Dataset entries:
• • • • •
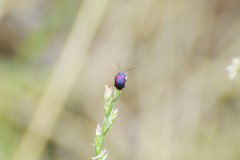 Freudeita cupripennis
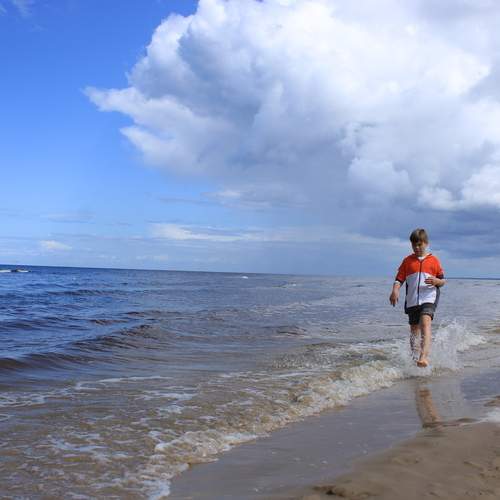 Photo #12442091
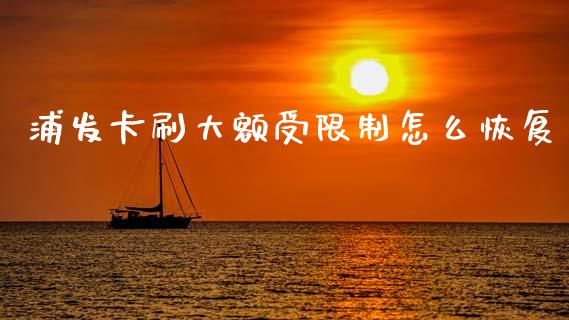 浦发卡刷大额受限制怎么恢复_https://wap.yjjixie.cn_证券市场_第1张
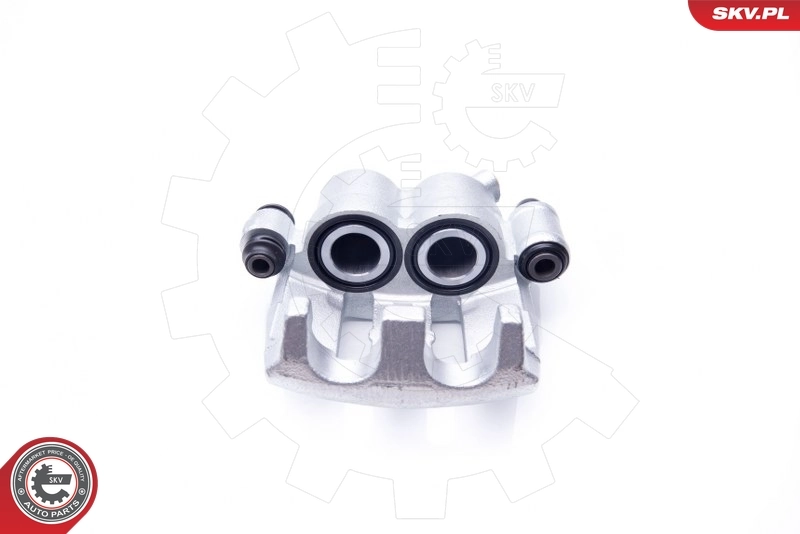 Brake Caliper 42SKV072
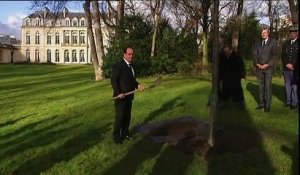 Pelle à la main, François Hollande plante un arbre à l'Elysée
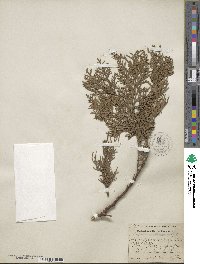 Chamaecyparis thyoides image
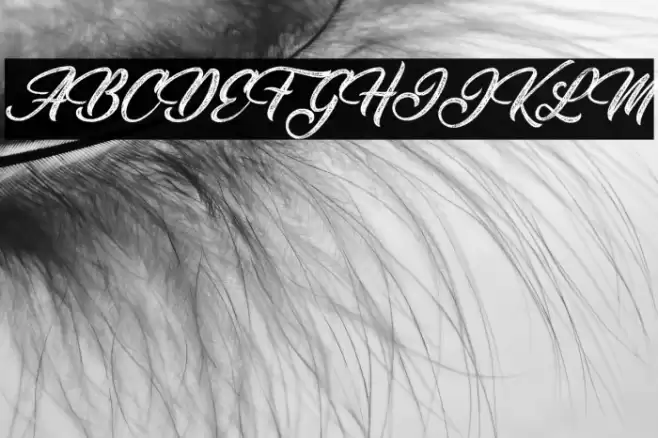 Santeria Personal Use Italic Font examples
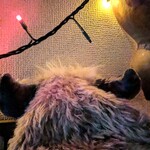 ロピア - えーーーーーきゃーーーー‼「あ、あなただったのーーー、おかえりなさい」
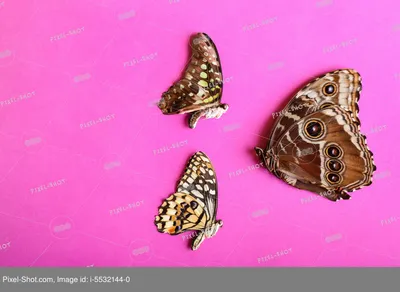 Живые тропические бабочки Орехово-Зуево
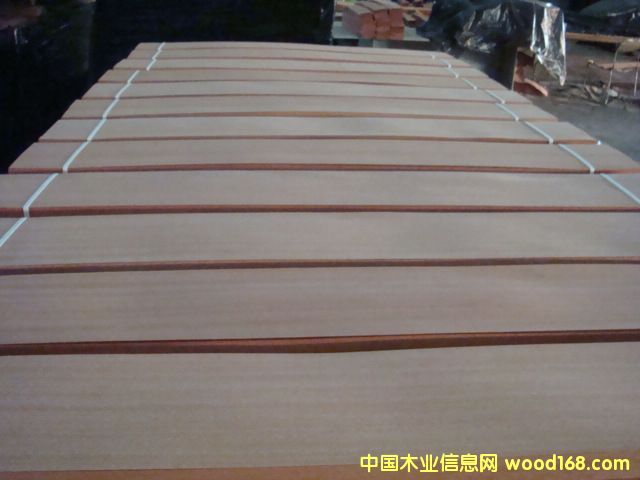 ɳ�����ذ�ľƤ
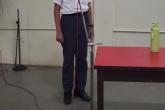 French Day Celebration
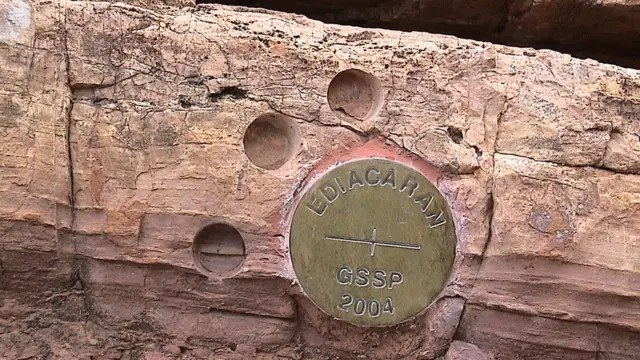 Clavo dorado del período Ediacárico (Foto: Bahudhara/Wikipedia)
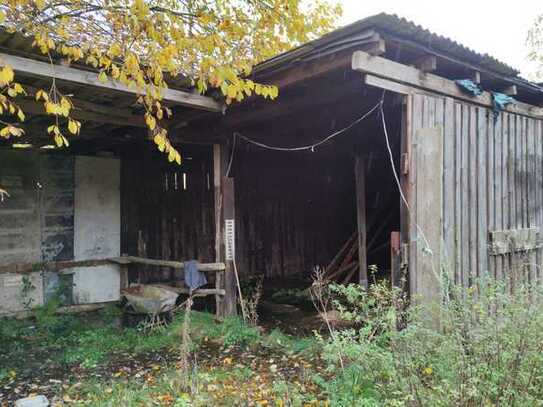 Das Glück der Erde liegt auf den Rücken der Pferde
• • • • •
Exercise directions:
Starting from the line that has "Chamaecyparis thyoides image" and ending at the last line of the material above, every line should be output exactly; pictures are dropped and nothing else appears.

The completed task:
 Chamaecyparis thyoides image
 Santeria Personal Use Italic Font examples
 ロピア - えーーーーーきゃーーーー‼「あ、あなただったのーーー、おかえりなさい」
 Живые тропические бабочки Орехово-Зуево
 ɳ�����ذ�ľƤ
 French Day Celebration
 Clavo dorado del período Ediacárico (Foto: Bahudhara/Wikipedia)
 Das Glück der Erde liegt auf den Rücken der Pferde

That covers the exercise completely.